Recognising the useful role synthetic materials have performed in modern society, their impacts, both positive and negative, come with costs. Not supported by adequate recycling and disposal, huge amounts of waste and pollution derived from synthetics are having unanticipated effects on human health and the earth’s natural systems.
An example of this – where the true benefits and costs of a material remain unclear is, Xu Zhen’s Sofa Turbulent (2015) made from polyurethane foam. Drawing our attention to one of the most popular materials used in home furnishings today. Turbulent side as polyurethanes like many synthetics, release toxic compounds when they degrade, making them one of the most problematic synthetics for recycling.

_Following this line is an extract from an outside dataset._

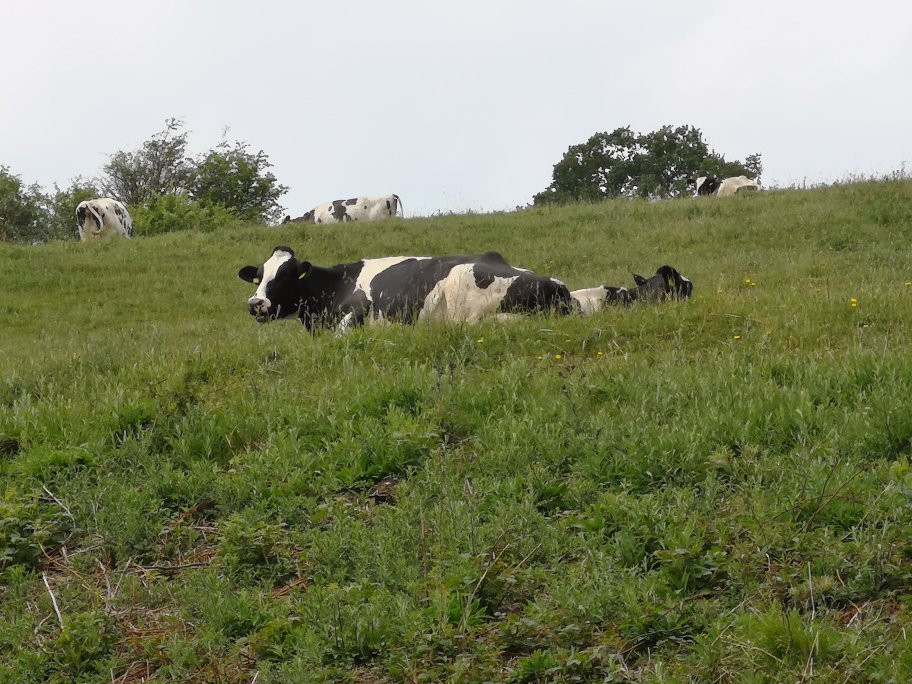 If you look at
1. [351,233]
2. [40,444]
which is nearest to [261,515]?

A terrific example of recycling plastic is Dirk Vander Kooij’s Endless chair from 2010, which is 3D-printed using polycarbonate reclaimed from the interiors of old refrigerators.
Curious to know more about designers using 3D printing with recycled materials? Don’t miss The New Raw gives new life to marine plastic waste with 3D-printed beach furniture.
Driven by enhanced consumption and urban development, humanity’s use of materials in the twenty-first century is purportedly exceeding all the materials used throughout history. The amount of human-made mass, including concrete, metals, plastics and more, now exceeds the overall living biomass on earth.
Predisposed to issues of sustainability, ethics and politics – materials are not neutral. Because of this, designing and making today carries with it responsibility, as demonstrated by the seventy plus works in NGV’s exhibition History in the Making.
Both synthetic and natural materials, when employed in a system of design and making, represent a constellation of ideas, choices, values, and principles configuring in a moral culture. This is a complex and confronting reality not only for designers, makers and manufacturers – but for all of us.